La storia del Creative Salvage inizia nell’81 ed ha a che fare con una band di musica funky ed uno strip-club di SoHo. La band si chiamava Funkapolitan (ecco un video per chi volesse approfondire) e al basso c’era Tom Dixon. Quell’anno i Funkapolitan furono chiamati dai Clash come gruppo di supporto per una data americana del loro tour e quando il gruppo salì sul palco del Bond’s International Discotheque di New York il pubblico, composto perlopiù da punkettoni, non fu molto felice di ascoltare il funk della band di Dixon e finì letteralmente a bottigliate. Poco male, visto che Dixon ebbe comunque modo di restare folgorato da un paio di gruppi che suonarono dopo di lui e che proponevano un genere che proprio in quegli anni andava muovendo i primi passi e che in Inghilterra era ancora sconosciuto: l’hip-hop.

Tornato a Londra il futuro designer aprì insieme al cantante della sua band, Nick Jones (da non confondere col quasi omonimo e ben più celebre Mick dei Clash), il primo club hip-hop di Londra, appunto in uno strip-club di SoHo. Lo chiamarono Language Club e divenne uno dei luoghi “caldi” della città, frequentato da gente come Boy George e gli Spandau Ballet. In breve lo spazio diventò troppo piccolo per la fama che era riuscito a crearsi e Tom e Nick decisero di trasferire il club in locations temporanee come le vecchie fabbriche occupate nelle zone periferiche della città (in pratica organizzando dei rave, prima che si iniziasse a parlare di una scena rave).
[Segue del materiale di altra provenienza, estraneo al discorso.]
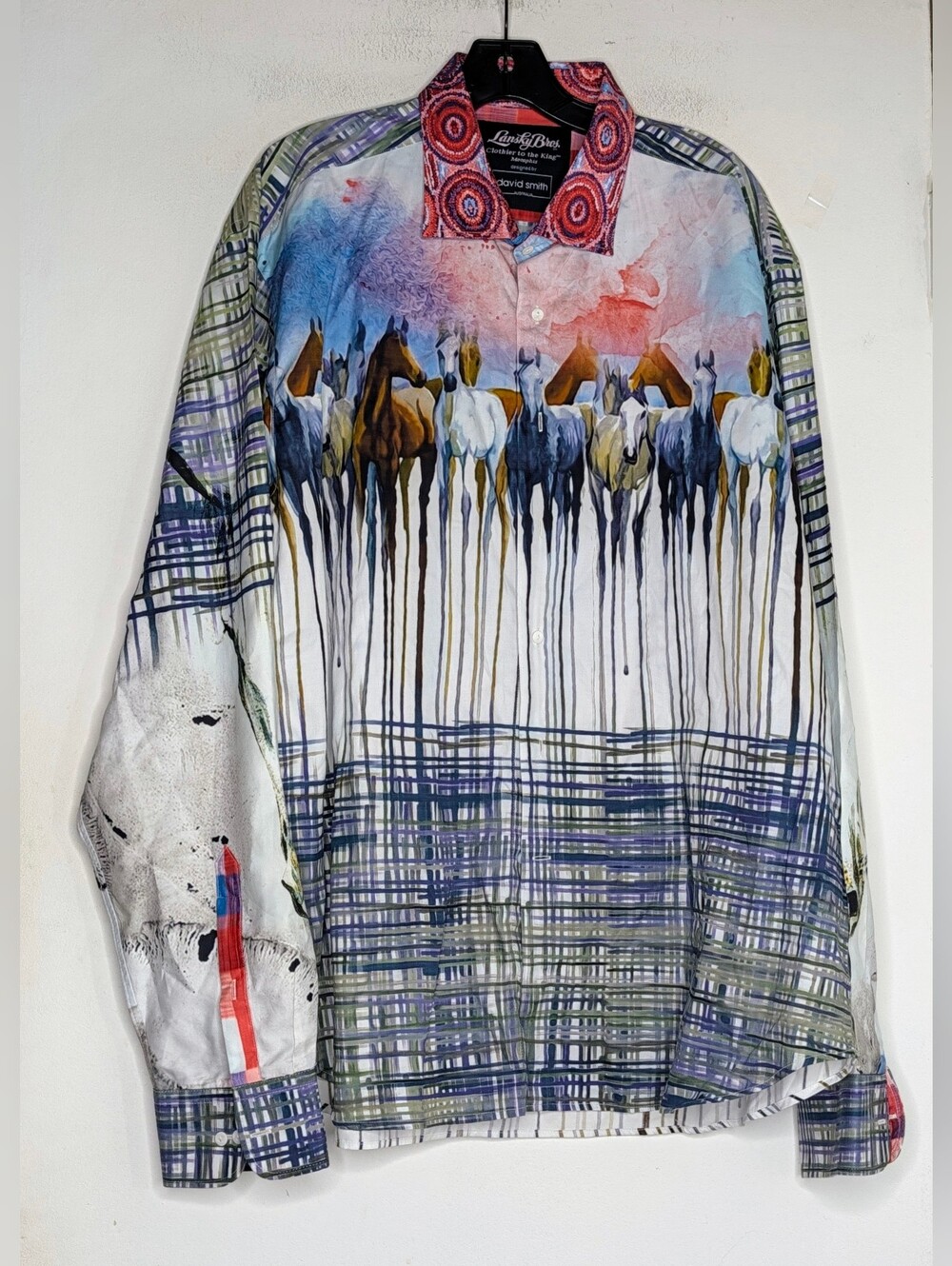 Lansky Bros. David Smith HORSES Print Button Down Shirt EUC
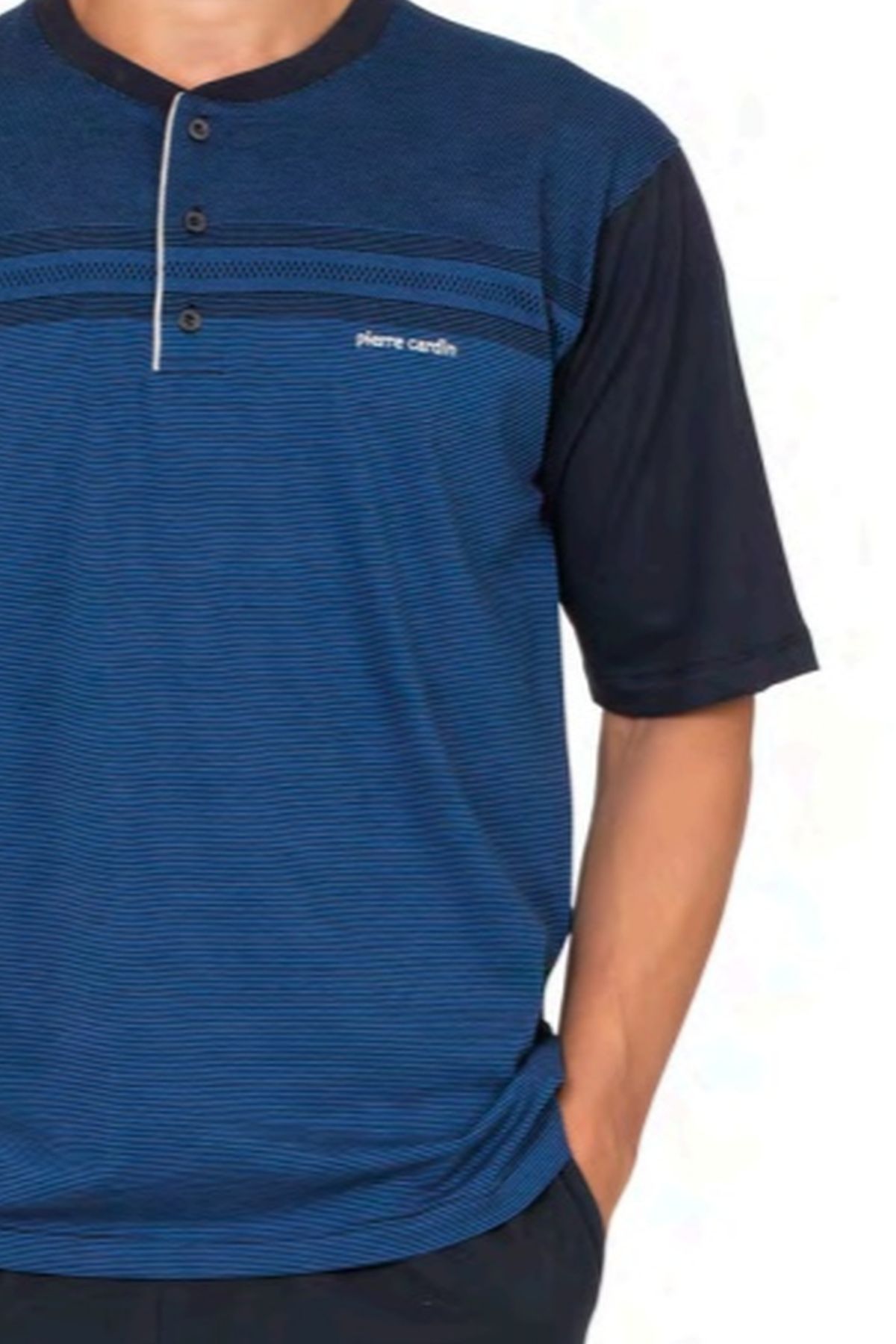 Pierre Cardin 6133 Erkek Kısa Kollu Yakası Düğmeli 3lü Jakarlı Pijama Takımı-Lacivert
I due chiamarono l’artista e designer Mark Brazier-Jones, che all’epoca faceva spettacoli sezionando carcasse di automobili, ad esibirsi durante le serate. Le scintille che volavano via dalle lamiere fungevano pure da “luci”, a illuminare gli enormi spazi vuoti e bui delle fabbriche.
Proprio dalle scintille (e da un paio di incidenti in moto di Dixon, che per mancanza di fondi lo costrinsero ad imparare a saldare e riparare i pezzi) ai tre venne l’idea di utilizzare il metallo recuperato dalla spazzatura per costruire dei mobili. Affittarono per una settimana uno spazio e lo trasformarono in laboratorio/galleria d’arte. Dal lunedì al venerdì lavorarono dal vivo (la gente poteva vederli da una finestra) e durante il fine settimana aprirono le porte e misero in vendita i pezzi creati.

Fu un successo: tutto esaurito in poche ore. Il resto è storia (nella quale più tardi entra a far parte anche un pazzo come Joe Rush, tra gli inventori del movimento dei mutoids).
Un’incredibile storia. Come altrettanto incredibile è sapere che un fenomeno come questo non sia finora mai stato “storicizzato” con una pubblicazione. Hanno rimediato Nick Wright e Gareth Williams, scrittore e collezionista il primo, capo del dipartimento di arte contemporanea e design della casa d’aste Bonhams il secondo, con un libro che racconta la storia del Creative Salvage, attraverso interviste ai protagonisti ed immagini inedite.

Il volume, intitolato Cut & Shut: the History of Creative Salvage si acquista online da Vince & Son, studio londinese che ha curato la pubblicazione.